WHAT IS BEING ASKED – After locating the line with "Диск гальмівний Power", set down that line and all the lines that follow it, unchanged, to the end of the records; omit the pictures.

RECORDS FOR THIS TASK –
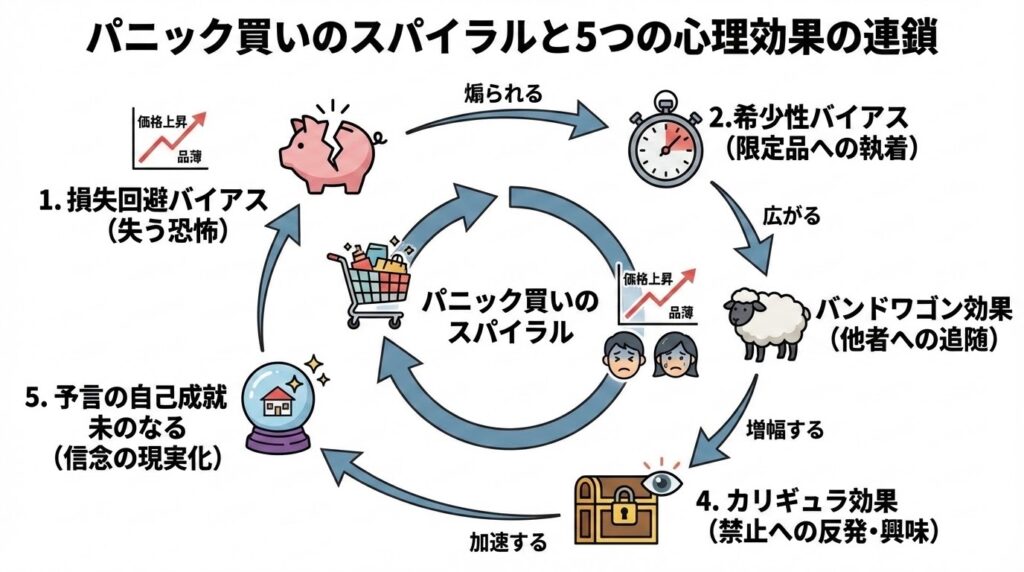 損失回避、バンドワゴン、希少性、カリギュラ効果、予言の自己成就がどう連鎖するかを示す図解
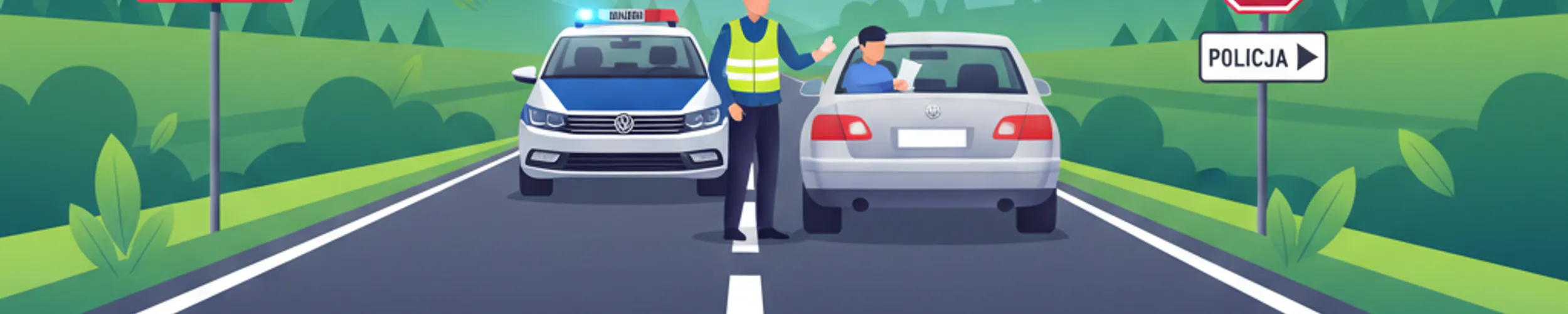 Polnische Polizeikontrollen und Straßensperren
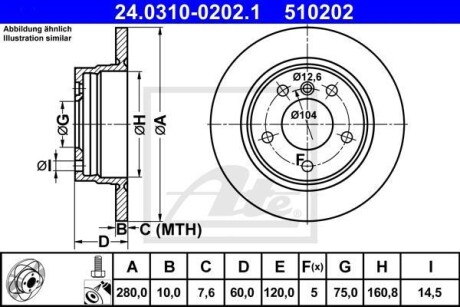 Диск гальмівний Power Disc ATE 24.0310-0202.1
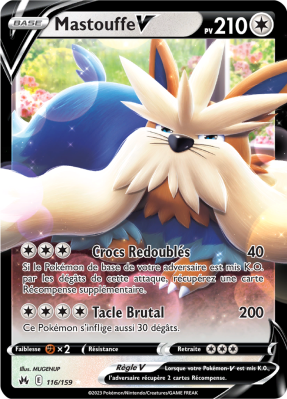 Carte Pokémon Mastouffe-V 116/159 Ultra Rare Zénith Suprême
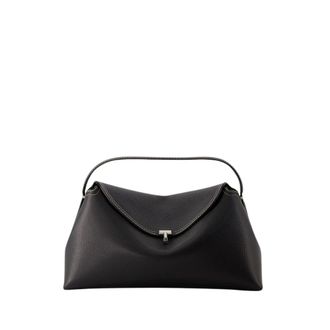 Toteme Handbags, female, Black, ONE SIZE, Black Leather Top Handle Bag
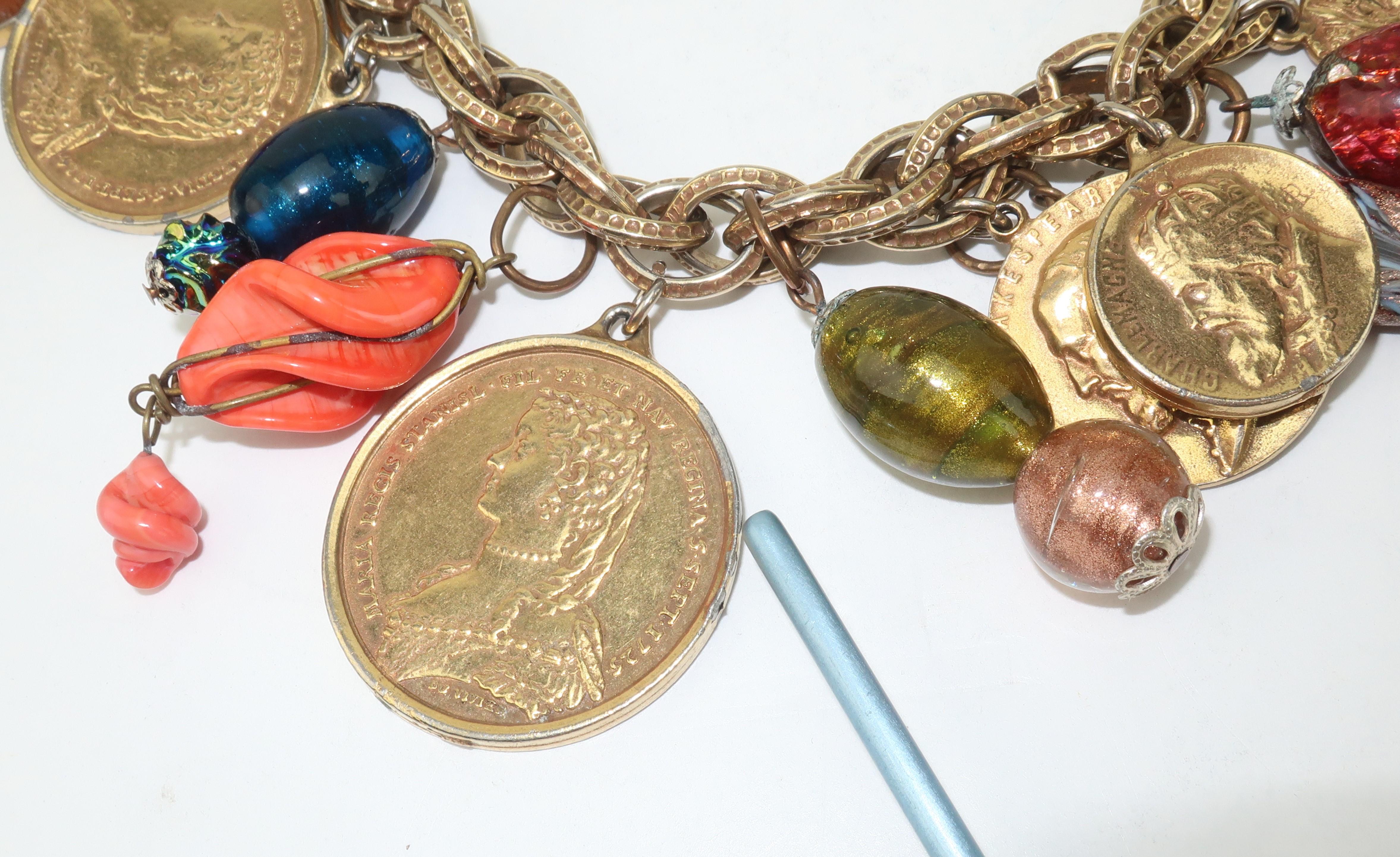 Vintage Faux Coin & Art Glass Bead Charm Bracelet 3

WRITTEN RESPONSE –
 Диск гальмівний Power Disc ATE 24.0310-0202.1
 Carte Pokémon Mastouffe-V 116/159 Ultra Rare Zénith Suprême
 Toteme Handbags, female, Black, ONE SIZE, Black Leather Top Handle Bag
 Vintage Faux Coin & Art Glass Bead Charm Bracelet 3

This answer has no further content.